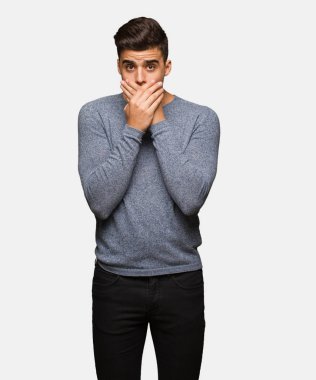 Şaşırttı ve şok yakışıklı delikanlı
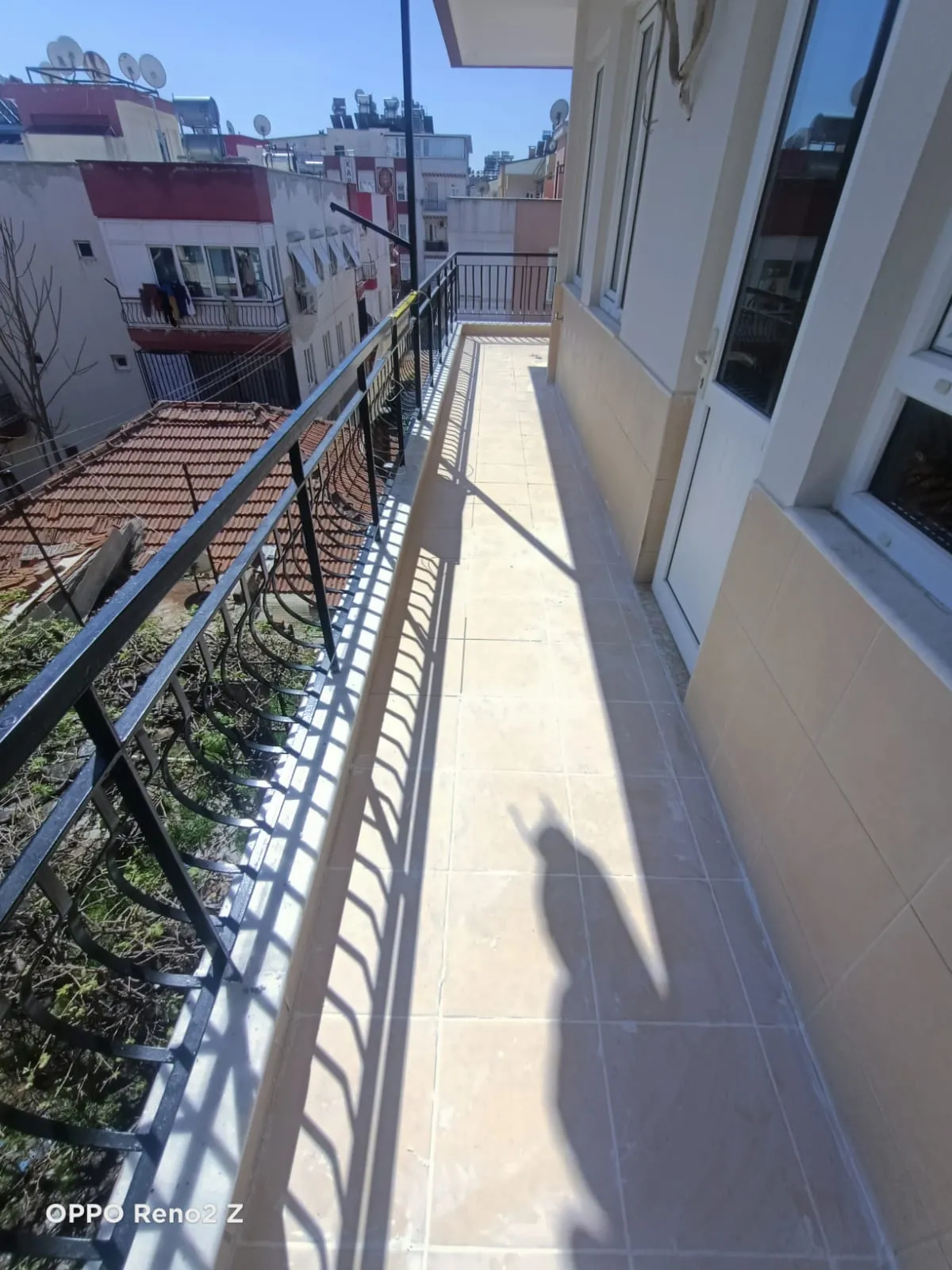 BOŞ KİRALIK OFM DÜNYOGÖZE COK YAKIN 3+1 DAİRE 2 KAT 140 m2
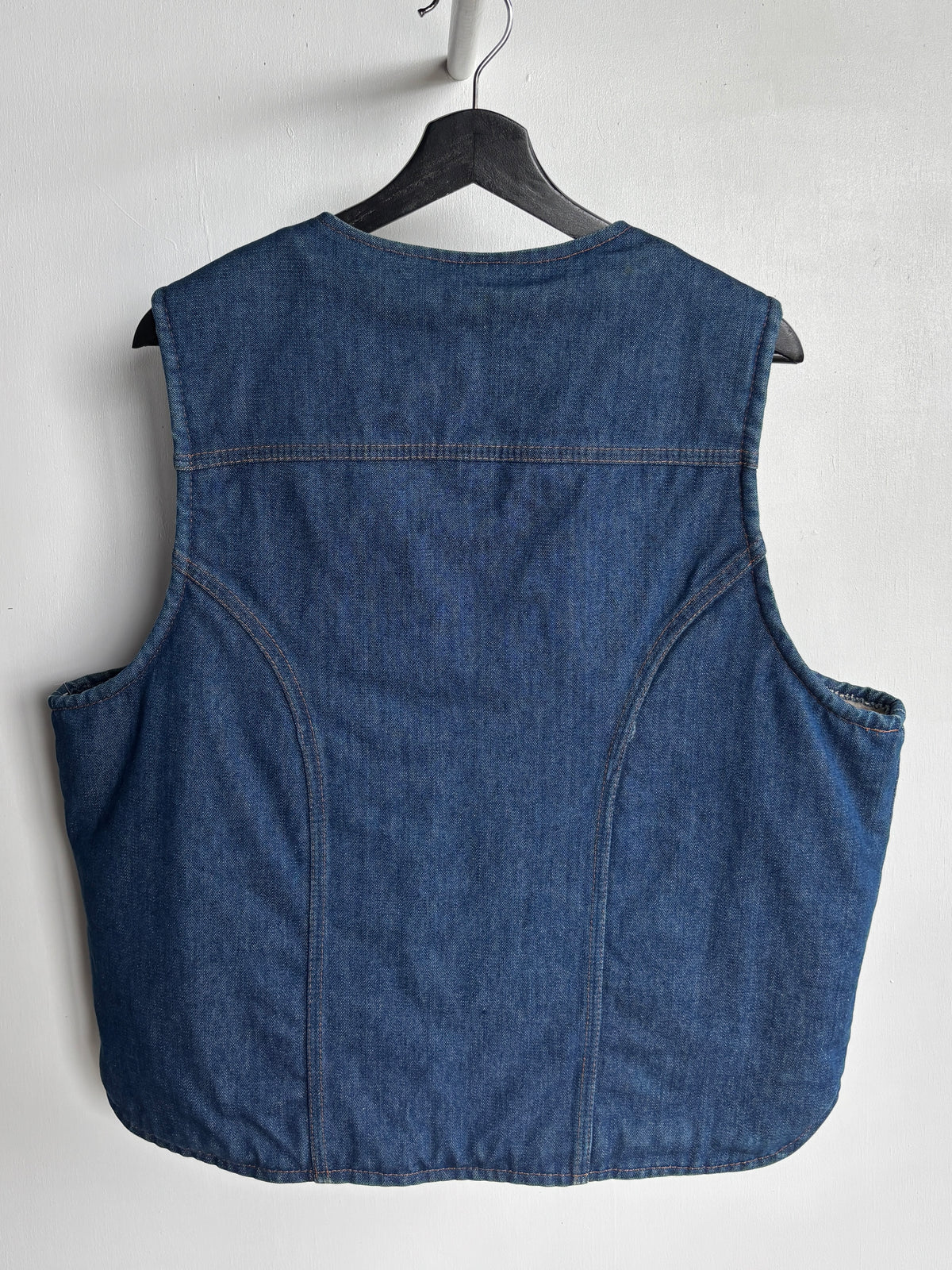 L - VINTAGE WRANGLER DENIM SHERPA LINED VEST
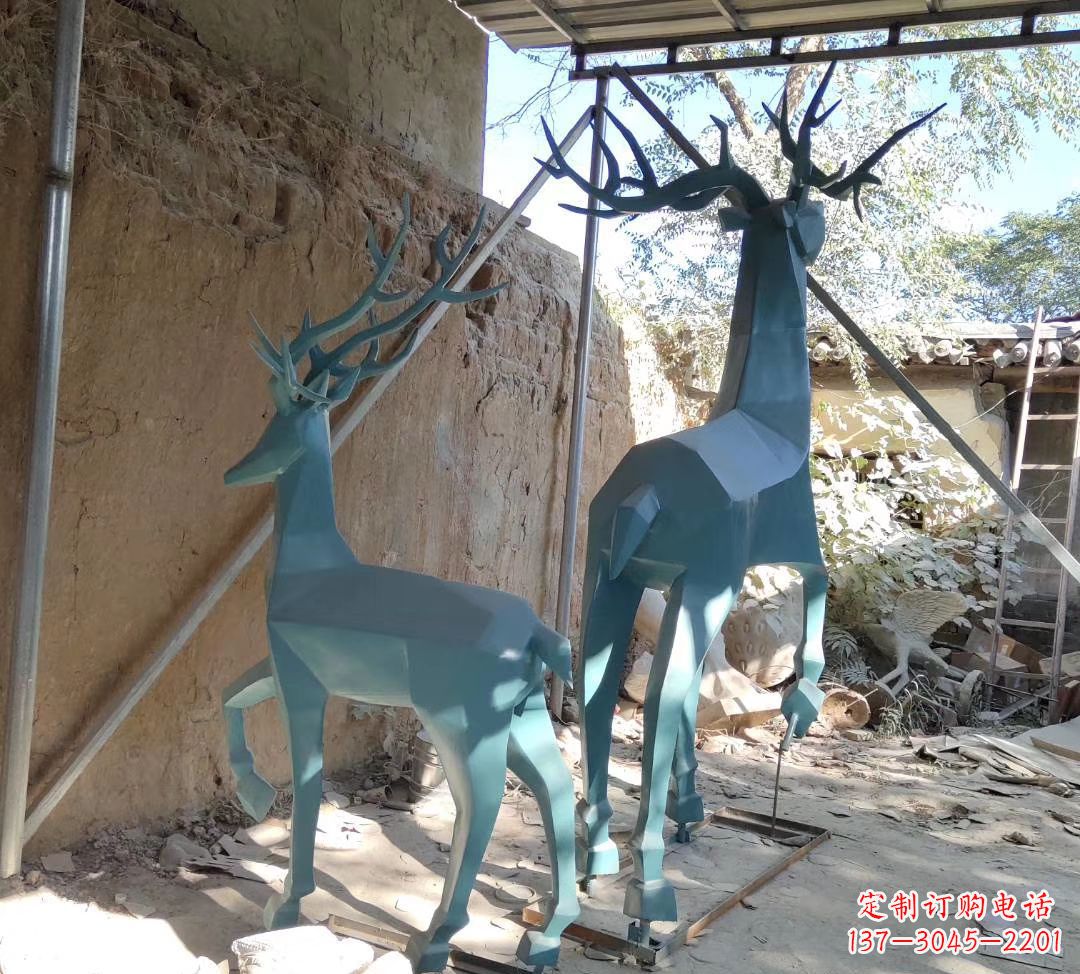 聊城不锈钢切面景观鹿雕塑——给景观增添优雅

_Task to carry out_
Your reply should give again exactly the lines from the one with "BOŞ KİRALIK OFM" through the last line of the data, with both ends included and pictures left out.

_Answer space_
 BOŞ KİRALIK OFM DÜNYOGÖZE COK YAKIN 3+1 DAİRE 2 KAT 140 m2
 L - VINTAGE WRANGLER DENIM SHERPA LINED VEST
 聊城不锈钢切面景观鹿雕塑——给景观增添优雅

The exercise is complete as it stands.